Disponibile su YouTube Vaghe stelle dell’Orsa, un film del 1965 diretto da Luchino Visconti. La pellicola vinse il Leone d’oro alla 26ª Mostra internazionale d’arte cinematografica di Venezia. Il titolo riprende l’incipit de Le ricordanze, uno dei Canti di Giacomo Leopardi. Prodotto da Franco Cristaldi, con il soggetto e la sceneggiatura di Suso Cecchi D’Amico, Enrico Medioli e Luchino Visconti, la fotografia di Armando Nannuzzi, il montaggio di Mario Serandrei, le scenografie di Mario Garbuglia e le musiche di César Franck, Vaghe stelle dell’Orsa è interpretato da Claudia Cardinale, Jean Sorel, Michael Craig, Renzo Ricci, Fred Williams, Marie Bell, Amalia Troiani, Paola Pescini, Isacco Politi, Renato Moretti, Vittorio Manfrino, Ferdinando Scarfiotti, Giovanni Rovini.
Trama
Sandra torna alla natìa Volterra con il marito Andrew Dawson. Qui ritrova il fratello Gianni e l’anziana madre ricoverata in una clinica psichiatrica, dove viene accudita dal secondo marito. Il primo è morto in un campo di concentramento. Andrew oltretutto scopre che Gianni e Sandra sono stati uniti da un torbido legame.

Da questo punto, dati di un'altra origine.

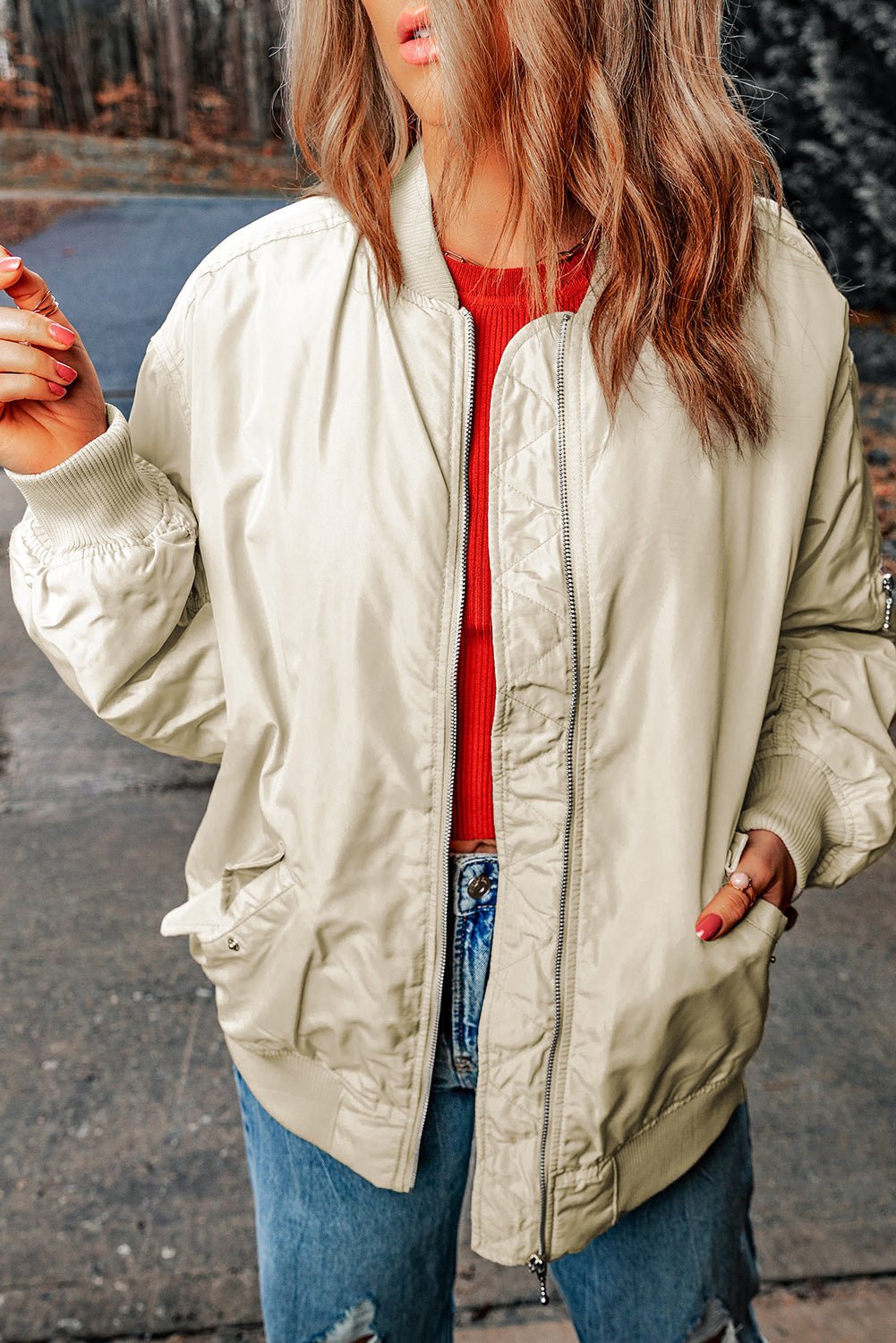 WW | Bomberjacke - Satin-Finish - Leichte Schicht - Lässiger Streetstyle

“Questo film è un giallo diverso dal consueto. Si è parlato di una Elettra moderna, ma citerò un’altra tragedia classica: l’Edipo re, uno tra i primi gialli mai scritti, in cui il colpevole è il personaggio meno sospettabile. […] Così nel mio film ci sono dei morti e dei presunti responsabili, ma non è detto chi siano i veri colpevoli e le vere vittime. […] Ho scelto il tema dell’incesto perché è l’ultimo tabù della società contemporanea. L’incesto di Vaghe stelle dell’Orsa nasce proprio dall’ambiente in cui i due ragazzi crescono, è un mezzo esasperato e drammatico per unirsi contro la disgregazione della famiglia e la solitudine”.
(Luchino Visconti)
“Visconti, come tutti sanno, ha oscillato per tutta la sua carriera tra il decadentismo di specie rinascimentale e dannunziana sentito come fatalità e tentazione di un mondo fascinoso corrotto e perituro e l’aspirazione ad un mondo nuovo e purificato. Qualche volta ha saputo fondere le sue esigenze, oppure ce le ha date come contrasto e lacerazione. Qualche altra volta invece, si è tenuto al solo decadentismo, cioè ha dimezzato la propria tematica. In Vaghe stelle dell’Orsa il decadentismo rimane solo e domina; donde, nonostante un’apparente tragicità, la mancanza della tragedia: il dramma di Visconti era appunto di non saper rinunziare, di sentirsi dilaniato tra due mondi, quello nuovo che avanza, quello vecchio che scompare. Abolito uno dei termini del contrasto, Visconti ha fatto un film tutto decadente nel quale la frenesia dei personaggi nasconde il carattere immobile ed elegiaco del rapporto erotico-sentimentale tra fratello e sorella.”
(Alberto Moravia)
“Gabriele d’Annunzio, con la voracità dei provinciali famelici che scendono, decisi a tutto, sulle opime città, non ha lasciato in pace nulla e nessuno. Urbino e Volterra, Firenze, la Versilia, Mantova, Venezia. Con Volterra gli andò male: il Forse che sì, forse che no è tra i più fiacchi dei suoi romanzi. Uomo antico ma di cultura attuale, Visconti s’è limitato a tener conto dell’indicazione: Volterra è una splendida “città del silenzio”. Le opaline, i mobili preziosi, le vecchie pietre sono liberty come il decadentismo, come i veli della Tosca musicata da Puccini. La pietà del passato prossimo, ironica pietà perché s’è trattato di un’epoca, tutto sommato, tra le migliori della storia umana, ha aiutato il regista a sovrapporle l’orrore delle età remote e del vicino universo hitleriano: il male del mito si mescola senza riluttanza all’inferno razionale e onnipresente dei lager. Viene perfino il sospetto che in questo film così suo, Visconti abbia voluto contrapporre la “forma” virile, l’idea apollinea, alla sua “matrice” muliebre, figlia degli amplessi che si consumano nella tenebra: “Je suis l’enfant d’un nuit d’Idumée”, come dice Racine in questo verso incantevole. La scelta di Claudia Cardinale appare, in questa direzione, esemplare. Giovane, ma non più adolescente, Claudia è una donna stupenda. Brava attrice, è ancora nel periodo in cui si desidera approfondire in umiltà l’arte e la vita”.
(Pietro Bianchi, 1965)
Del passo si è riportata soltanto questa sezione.